Del tamaño de una hormiga grande, (9 mm.) así es un antiplagas moderno. Hoy es una Marca Registrada, digno del mejor Jardín Botánico.

 

 

              Al Pata Negra no se le lubrica nunca, sólo se le da brillo metálico. La cornisa redondeada con su finísimo brillo, impide que suban los insectos, simplemente... resbalan. 

 

 

   Ningún sistema comercial actual, entona mejor con el paisaje, que los collares Pata Negra. 

    Uno de los objetivos de la investigación ha sido, conseguir una integración con el entorno al máximo nivel.

 

 

    Ideal para las huertas de ciudad, las plagas no respetan, ni entienden de zonas urbanas o rurales.

  Más abajo veremos, como pueden llegar a contaminarse  éstos cerezos "urbanitas", en cuanto se les quita el collar.

 

 

    El collar Pata Negra es la variante de lujo de todos nuestros collares. Realizado con tubo de silicona 3x9 mm. impregnado de ceras de lubricantes secos.

  Este collar tiene una duración de muchos años, cuando sea necesario se empalman trozos con los conocidos casquillos de unión. 

    No se ha creado para la huerta, los tratamientos que lleva lo harían caros.
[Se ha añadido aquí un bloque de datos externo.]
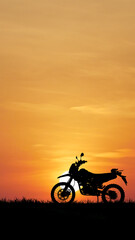 Silhouette of a Motorcycle at Sunset: A captivating silhouette of a motorcycle against a breathtaking sunset backdrop, set on the open road, inspiring freedom and adventure.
Su sitio estará en jardines de chalets donde suele haber frutales decorativos.

    Este modelo grafitado con ceras, no se comercializa de momento... 

 

 

           Veamos como montamos nosotros, un modelo  en fincas particulares. No es necesario poner la goma de asiento, es un extra que nosotros hacemos para dar más calidad a nuestros montajes.

 

  <> Primero como siempre, limpieza y relleno de grietas con plastilina bajo el collar,  si las hay.

 

  <> Se coloca un elemento  de asiento, de goma neopreno, (burlete de ventana forma E ), dura 5 años, se une con pegamento rápido. Con ella se ajusta el tubo a la perfección, tapando huecos  creando una estética premium. 

   Hay que quitarle la tira adhesiva, sino, no estira y, cortar el nervio central.

 

  

 

 

 

    <> Se coge la medida de tubo necesaria, se coloca el casquillo de unión (mojado un poco de saliva) y se va ajustando encima de la goma.

 

 

      <> Se encaja hasta el fondo, tiene que quedar ajustado, sin huecos por ningún lado. 

 

 

    <> Aunque el casquillo de unión entra a presión y aguanta bien un año, se asegura con dos cortas alfileres barnizadas, ( 8 mm. largo) clavadas de lado a lado, sin llegar al tronco. Así estirará hasta su límite de elasticidad sin riesgos de que se salga durante años.

   También se puede poner en el tubo, una grapa pequeña de arriba hacia abajo y otra por debajo. Cuanto mayor sea el árbol, más años durará sin desmontarlo para empalmar.

 

 

   Parece increíble, que algo tan minúsculo sea capaz de proteger a los frutales. Como en todos los avances tecnológicos, se reducen las dimensiones, se mejoran las prestaciones y se gana en estética.

   El Pata Negra es hoy, Tecnología Punta,- la referencia dentro de su campo de actuación. Su sitio está en los jardines de chalets, ahí se puede apreciar su elegancia.

   

 

 

   La foto siguiente está hecha en el centro de la Ciudad de Burgos,  (2016) los cerezos han estado bien protegidos y la producción abundante,  cien por cien ecológica. Ni un solo tratamiento

 

  

   Nada más coger las cerezas, quitamos los collares,  el resultado... sorprendente. En un mes los cerezos están irreconocibles de la exagerada contaminación que tienen.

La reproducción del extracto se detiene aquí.